+++ Records provided +++

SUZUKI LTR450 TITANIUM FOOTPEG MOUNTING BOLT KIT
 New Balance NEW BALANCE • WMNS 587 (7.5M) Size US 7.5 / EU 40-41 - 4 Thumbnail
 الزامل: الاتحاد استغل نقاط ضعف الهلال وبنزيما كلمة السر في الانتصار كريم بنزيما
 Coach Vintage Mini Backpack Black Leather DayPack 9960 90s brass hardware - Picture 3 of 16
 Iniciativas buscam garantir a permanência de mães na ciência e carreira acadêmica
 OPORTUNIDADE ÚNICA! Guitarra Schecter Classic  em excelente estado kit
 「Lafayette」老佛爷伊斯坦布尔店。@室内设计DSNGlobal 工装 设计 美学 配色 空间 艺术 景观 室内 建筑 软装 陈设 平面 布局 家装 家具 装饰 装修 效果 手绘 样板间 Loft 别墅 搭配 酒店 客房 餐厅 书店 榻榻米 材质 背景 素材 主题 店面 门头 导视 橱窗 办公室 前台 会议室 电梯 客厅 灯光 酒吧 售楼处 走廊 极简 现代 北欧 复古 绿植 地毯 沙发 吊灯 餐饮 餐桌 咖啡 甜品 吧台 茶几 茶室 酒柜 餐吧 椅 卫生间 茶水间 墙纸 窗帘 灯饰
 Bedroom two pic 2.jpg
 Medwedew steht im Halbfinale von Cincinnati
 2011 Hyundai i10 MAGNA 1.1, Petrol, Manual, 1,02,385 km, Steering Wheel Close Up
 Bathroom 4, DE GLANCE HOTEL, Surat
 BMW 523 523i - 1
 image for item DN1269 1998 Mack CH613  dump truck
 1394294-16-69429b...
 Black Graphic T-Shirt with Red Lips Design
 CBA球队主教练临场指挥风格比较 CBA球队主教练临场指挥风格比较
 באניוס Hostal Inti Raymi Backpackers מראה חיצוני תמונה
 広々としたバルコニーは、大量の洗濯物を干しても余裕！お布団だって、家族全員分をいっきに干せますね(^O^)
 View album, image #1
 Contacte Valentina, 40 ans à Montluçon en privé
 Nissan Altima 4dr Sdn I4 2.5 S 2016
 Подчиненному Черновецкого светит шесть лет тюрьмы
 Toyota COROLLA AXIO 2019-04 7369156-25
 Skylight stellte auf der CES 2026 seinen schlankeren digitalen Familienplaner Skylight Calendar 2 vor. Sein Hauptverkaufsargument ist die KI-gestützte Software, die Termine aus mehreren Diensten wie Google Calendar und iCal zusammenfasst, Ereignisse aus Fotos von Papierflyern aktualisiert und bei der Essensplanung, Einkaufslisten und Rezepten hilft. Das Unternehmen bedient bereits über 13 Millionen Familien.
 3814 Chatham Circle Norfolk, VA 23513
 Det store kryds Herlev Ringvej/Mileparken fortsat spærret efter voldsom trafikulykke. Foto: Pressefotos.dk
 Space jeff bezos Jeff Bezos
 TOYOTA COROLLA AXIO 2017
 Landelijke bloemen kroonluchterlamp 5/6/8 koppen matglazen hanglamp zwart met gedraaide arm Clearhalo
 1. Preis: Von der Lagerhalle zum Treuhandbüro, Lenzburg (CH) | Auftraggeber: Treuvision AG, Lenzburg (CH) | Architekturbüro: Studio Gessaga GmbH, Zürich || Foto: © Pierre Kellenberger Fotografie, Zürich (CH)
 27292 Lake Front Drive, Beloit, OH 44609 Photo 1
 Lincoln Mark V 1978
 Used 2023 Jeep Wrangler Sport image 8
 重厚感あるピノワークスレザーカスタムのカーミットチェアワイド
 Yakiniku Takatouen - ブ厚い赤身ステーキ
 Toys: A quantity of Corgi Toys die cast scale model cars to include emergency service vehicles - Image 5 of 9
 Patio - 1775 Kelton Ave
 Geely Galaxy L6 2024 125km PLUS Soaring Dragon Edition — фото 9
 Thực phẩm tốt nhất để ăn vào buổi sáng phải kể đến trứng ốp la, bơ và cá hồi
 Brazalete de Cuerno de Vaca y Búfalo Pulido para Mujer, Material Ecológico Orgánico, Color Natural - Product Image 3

+++

Exercise
From the data, pick out every line that includes "AXIO".

Completed exercise
 Toyota COROLLA AXIO 2019-04 7369156-25
 TOYOTA COROLLA AXIO 2017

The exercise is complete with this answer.